Reggie Bowman, until recently the head of the Citywide Council of Presidents of tenant associations.

There’s been a shake-up in the resident leadership of the New York City Housing Authority (NYCHA), with Reginald Bowman, the long-time president of its tenant association network, being forced out.

Tenants at the 328 public housing developments in New York City have the right to form Tenant Associations, whose officers are elected by residents. Each individual TA belongs to one of nine districts, and the TA president vote on nine presidents to represent them in the Citywide Council of Presidents (CCOP), which in turn selects a president. Since 2007, that’s been Bowman.

Gregarious in person and eloquent in his defense of public housing, Bowman discouraged TA leaders from working with outside organizers to engage the public housing community and create political power, although he did begin inviting outsiders in last year. Many Tenant Association presidents complained that Bowman was not receptive to their needs and requests. Bowman also supported some NYCHA policies, like infill development, that other TA presidents resisted.

Vic Bach, a senior housing policy analyst at the Community Service Society (CSS), has high hopes for a shake up in CCOP leadership. “We’re looking forward to better engagement with CCOP and to more openness,” he told City Limits.

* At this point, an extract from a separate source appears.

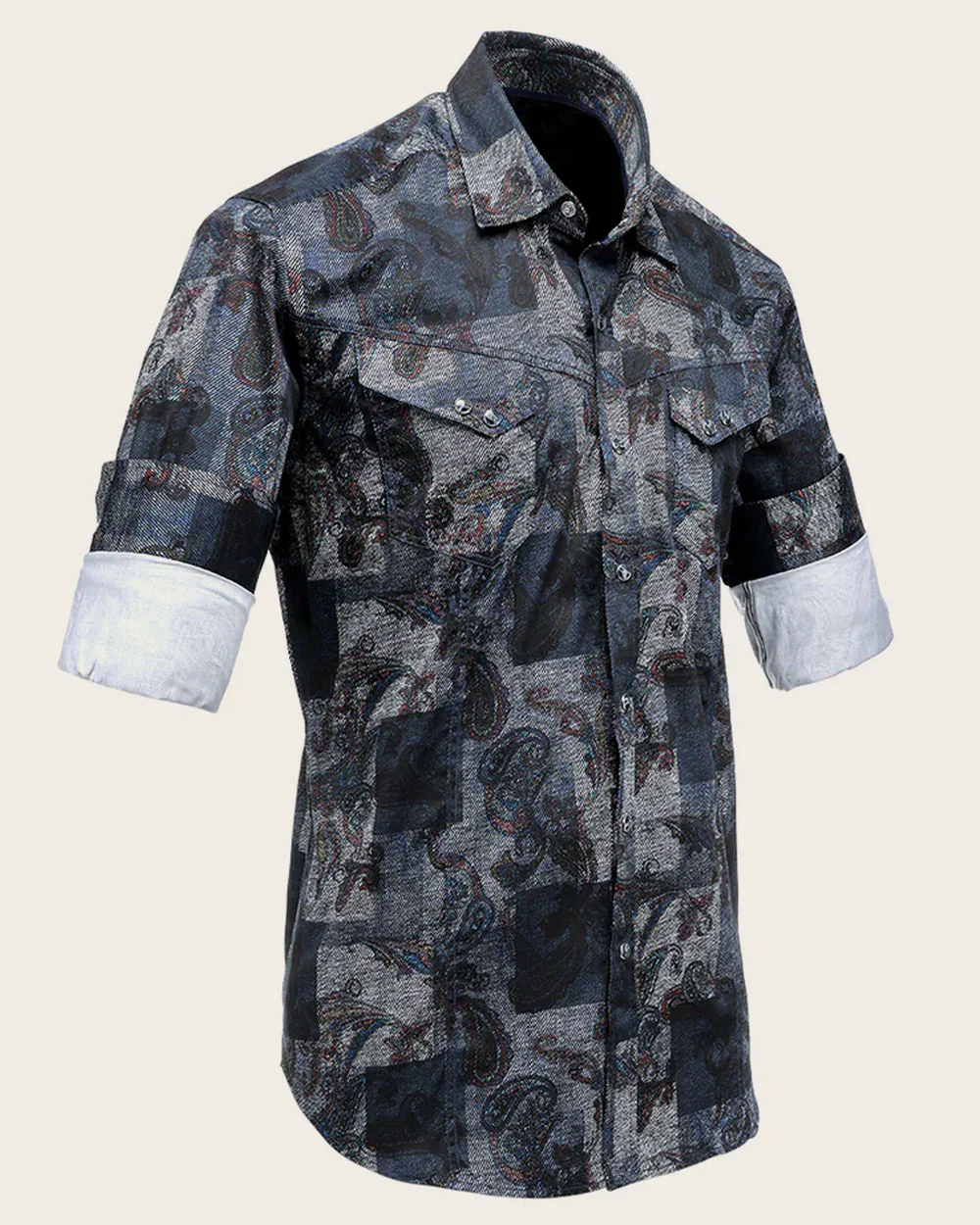 Men’s Long Sleeve Casual Shirt in Dark Multicolor Print 100% Cotton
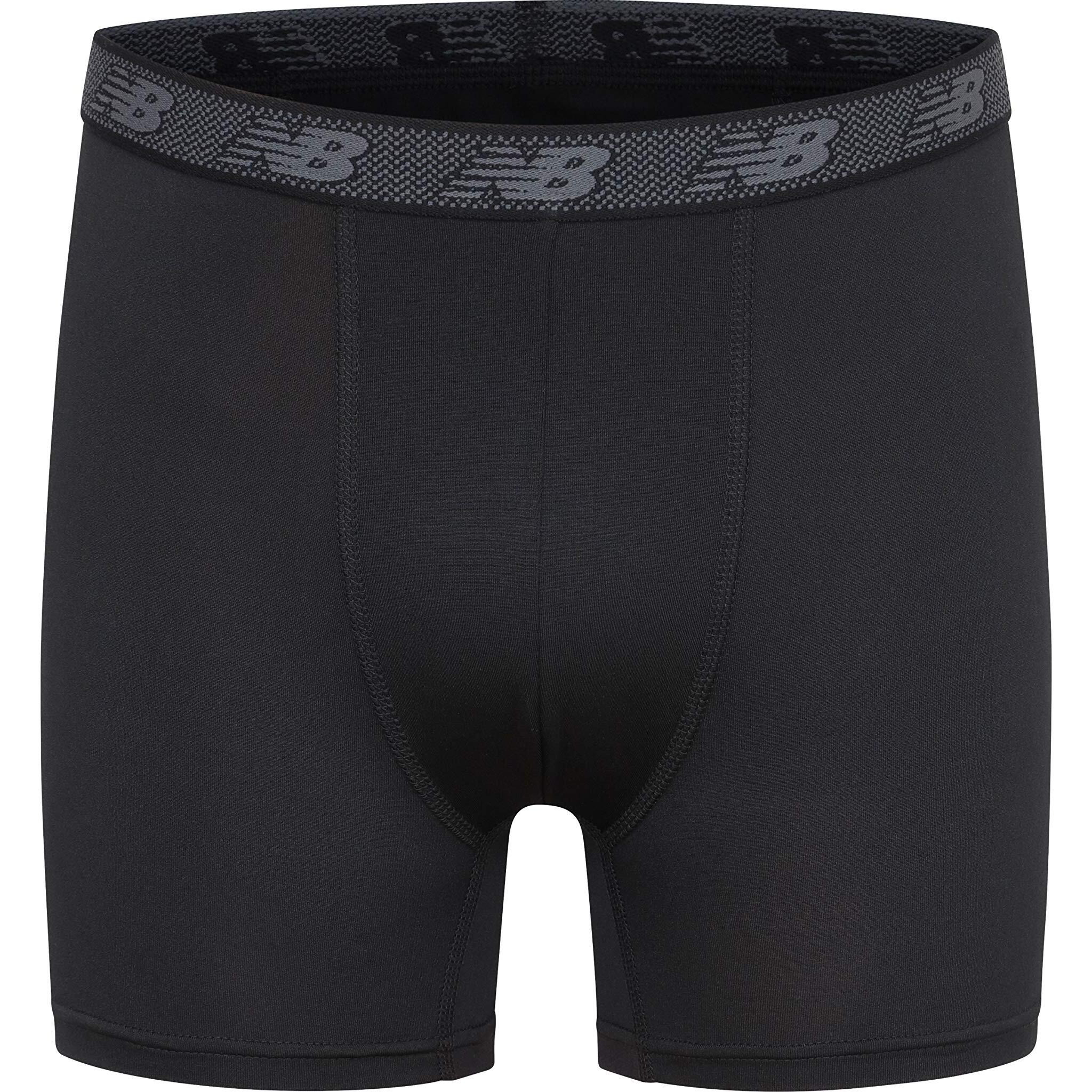 New Balance Boy's Underwear, Performance Boxer Briefs 4-Pack, Magnet Print/Team Red/Black/Team Red Print, X-Large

Bowman, who lives at Seth Lowe Houses in in Brownsville, has been a member of CCOP since 1995 and was in his third term as president. Vice President Ann Cotton Morris has taken his place.

The move comes at a critical time for the country’s largest and oldest public housing authority, which faces a severe fiscal and repairs crisis. In the past six months, NYCHA has issued a comprehensive strategy to save itself, sold several buildings to a public-private consortium, been scolded by a judge for failing to abide by settlement terms regarding mold remediation, had a respected community group call for the chairwoman’s ouster, and unveiled plans for building new housing at existing public housing campuses.